Vonette a tout gardé. Les photos piquées d’humidité où posent fièrement des gaillards aux tenues impeccables, les articles jaunis des exploits de ses héros. Elle se souvient de tous les noms, de tous les matchs, restitue avec précision les scores et les noms des buteurs. Dans l’alignement exact du buffet, la télévision est pour l’instant muette. Mais Vonette, 70ans passés, ne manque pas une retransmission. «Dame, je suis une acharnée de foot, rigole-t-elle. C’est normal: je suis née presque dessus.» D’un geste elle désigne les champs auxquels est adossée la ferme de ses parents, où elle vit toujours: «A partir de 1909, on a loué le terrain au Club» – elle prononce clube. C’est dans la cuisine de ses parents que venaient s’étancher les soifs d’après-match. Le puit dans la cour faisait office de douche. Tout naturellement elle a pris la suite, jusqu’à devenir une figure de Rostrenen. Elle prévient d’emblée: «Je suis clubiste et de bonne gauche, pas comme les corbeaux noirs d’en face.» «Cette image est mensongère, rétorque sans rire un monsieur « d’en face », qui préfère rester anonyme. Depuis Vatican II, le clergé ne nous soutient plus guère.»
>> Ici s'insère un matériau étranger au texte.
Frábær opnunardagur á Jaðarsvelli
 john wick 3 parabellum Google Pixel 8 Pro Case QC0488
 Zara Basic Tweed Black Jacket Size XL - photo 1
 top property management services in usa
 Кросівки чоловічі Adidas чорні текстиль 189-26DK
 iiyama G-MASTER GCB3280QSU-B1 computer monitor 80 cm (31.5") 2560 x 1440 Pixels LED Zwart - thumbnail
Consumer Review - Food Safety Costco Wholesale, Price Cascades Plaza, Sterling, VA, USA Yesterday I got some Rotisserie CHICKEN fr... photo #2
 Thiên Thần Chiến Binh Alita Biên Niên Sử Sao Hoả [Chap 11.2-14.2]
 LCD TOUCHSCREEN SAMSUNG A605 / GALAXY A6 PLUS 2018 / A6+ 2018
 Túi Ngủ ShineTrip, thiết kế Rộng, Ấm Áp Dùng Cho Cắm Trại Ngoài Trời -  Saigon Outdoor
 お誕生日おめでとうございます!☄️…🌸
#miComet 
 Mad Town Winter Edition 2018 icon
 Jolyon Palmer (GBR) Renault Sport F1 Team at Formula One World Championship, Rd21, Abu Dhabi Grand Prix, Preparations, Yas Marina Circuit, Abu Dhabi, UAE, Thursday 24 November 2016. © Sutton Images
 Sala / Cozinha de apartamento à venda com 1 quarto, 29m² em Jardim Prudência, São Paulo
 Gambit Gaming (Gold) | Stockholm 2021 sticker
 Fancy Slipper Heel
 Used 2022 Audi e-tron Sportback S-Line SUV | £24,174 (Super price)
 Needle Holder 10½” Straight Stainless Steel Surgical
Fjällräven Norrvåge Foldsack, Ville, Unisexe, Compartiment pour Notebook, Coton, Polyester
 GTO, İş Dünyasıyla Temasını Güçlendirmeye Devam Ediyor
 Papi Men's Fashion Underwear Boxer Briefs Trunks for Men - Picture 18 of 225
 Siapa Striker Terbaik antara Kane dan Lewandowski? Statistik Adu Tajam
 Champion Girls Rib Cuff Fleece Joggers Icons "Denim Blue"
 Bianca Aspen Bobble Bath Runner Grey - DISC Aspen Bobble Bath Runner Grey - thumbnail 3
Tous les lundis, en ouvrant leur journal, Vonette et l’anonyme se précipitent sur les résultats du week-end. Vérifier, dans l’ordre, que son équipe a gagné, et que les autres ont perdu. Combien sont-ils à parcourir ces mêmes lignes en début de semaine? On dit que chaque Rostrenois est d’un camp ou de l’autre. Qu’on supporte l’une ou l’autre des deux équipes selon sa famille de pensée. Le foot ici, c’est du sérieux.
A Rostrenen, on parle de foot comme on débattrait de politique: avec des mots graves. Plantée aux confins de trois départements bretons, la ville compte quelque 4000 habitants, un hôpital qui emploie 1000 personnes, des jeunes qui désertent un peu plus nombreux chaque année et plus de 300 joueurs de football. Un gros bourg paisible. Mais le feu couve sous le granite. Car Rostrenen est divisée en deux. Y coexistent encore deux écoles, deux collèges… et deux clubs de foot: le Club sportif rostrenois et l’Avant-Garde rostrenoise. Les laïques contre les cathos.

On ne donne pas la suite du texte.